What I Learnt from What We Learnt from the xz-utils Incident

I don’t know how your April went, but if it was anything like mine, you would have spent an uncharacteristic amount of time talking about compression tools, “insider attacks”, and build tooling. That’s because on March 29th, 2024, a backdoor was discovered in the widely-used data compression tool xz-utils.

The xz-utils backdoor (known as CVE-2024-3094 in some circles) exploited OpenSSH's authentication routines in specific operating systems running glibc, and it was hidden within build scripts and test files, making it harder to detect than usual. I'm not talking about the xz-utils incident in this blogpot, I'm talking about how much we talked about xz-utils. 

The concept of the attention economy, introduced by Herbert A. Simon in the 1970s, revolves around the idea that human attention is a scarce and valuable resource. In an age where information is abundant but our capacity to consume it is limited, attention has become a commodity. Companies, advertisers, and media outlets all compete to capture and hold our attention because it drives what they need, whether it’s engagement, revenue, or influence.

In cybersecurity, this translates to a cycle of intense, short-lived focus on new vulnerabilities, followed by a rapid shift to the next emerging threat.

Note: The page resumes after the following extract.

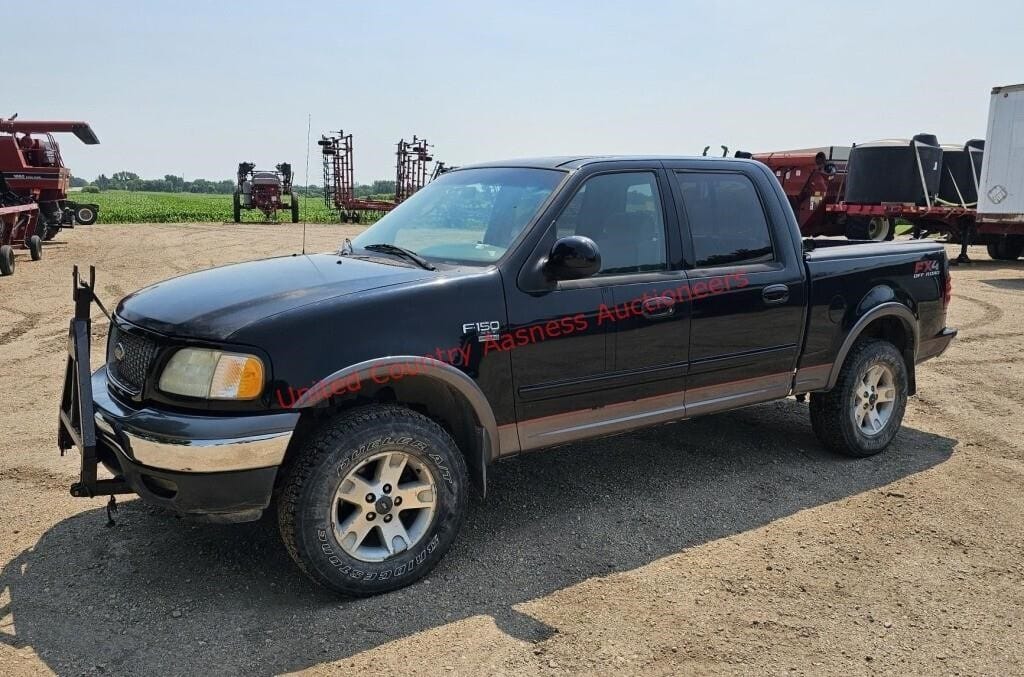 2002 Ford F-150 Equipment Image0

What people do with that attention varies, either they want to sell you a product or an idea, pay their newspaper subscription, or simply to gloat that their flavor of technology is better than whatever the other people are using.

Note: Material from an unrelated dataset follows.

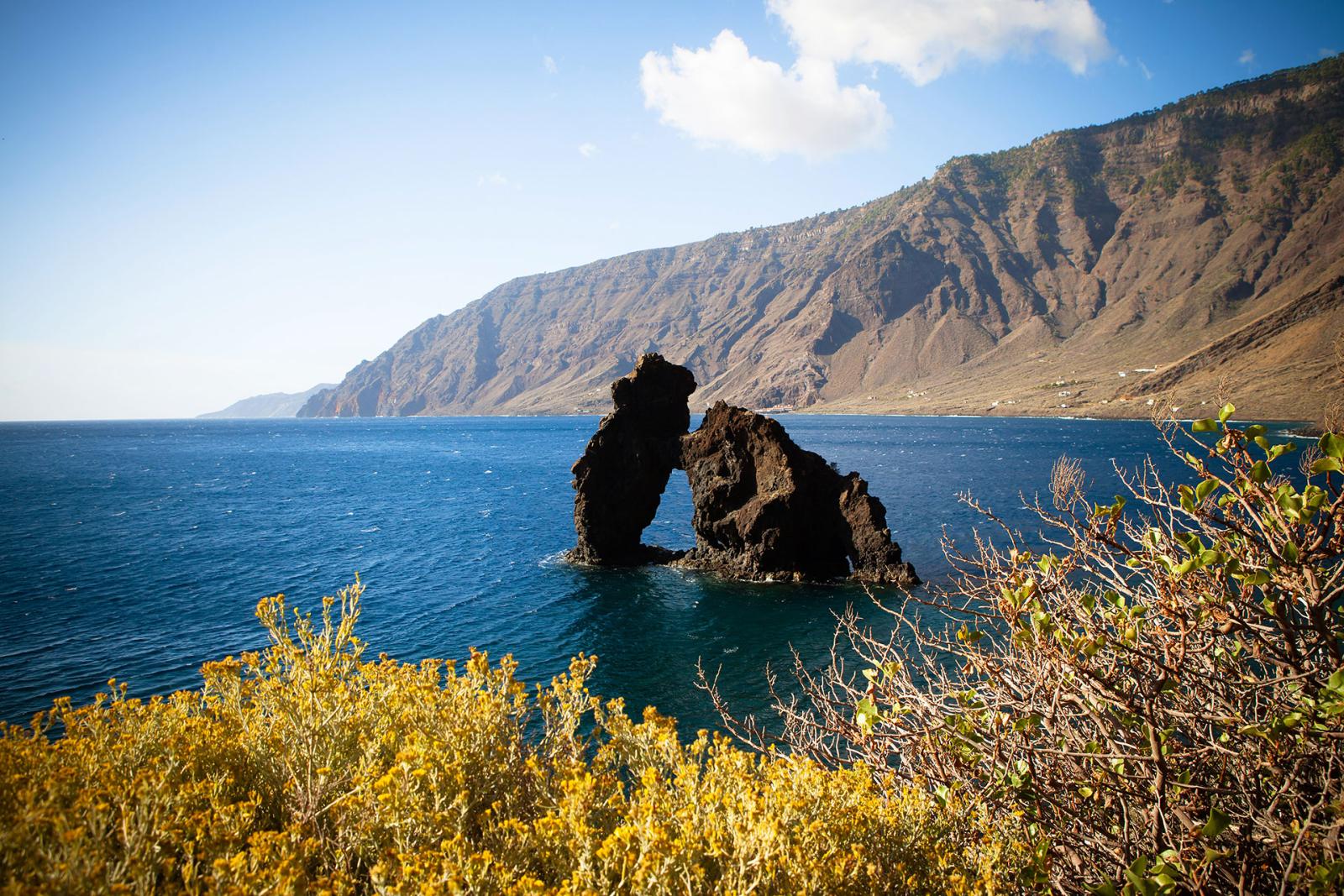 Roque de La Bonanza, El Hierro.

The xz-utils incident is not the first example of the industry’s reactive nature, the Heartbleed bug is the quintessential example. Heartbleed captured headlines, sparked endless discussions, and inspired a a plethora of ideas and quick fixes. But once the immediate danger was averted, and OpenSSL was “saved”, attention quickly moved on. But many structural issues persisted, and the maintainer burnout to major vulnerability pipeline continues to deliver.

I don’t know how we can break the attention economy cycle, all I know is when the next big bad bug happens, we need to resist being reactive and avoid quick fixes, and focus on bringing attention on the structural issues that continue to threaten our software. I’m proud of STF’s response for example.

I’m interested to hear if anyone has ideas on how to deal with the attention deficit and moving to a proactive stance. The xz-utils incident was not a wake-up call, if anything it was hitting snooze on your alarm for the 100th time. Rather than allowing the latest crisis to dictate our focus, we need to prioritize long-term, sustainable maintenance of our digital infrastructure, and to get there we need to invest a lot more time, resources, and people into our critical infrastructure.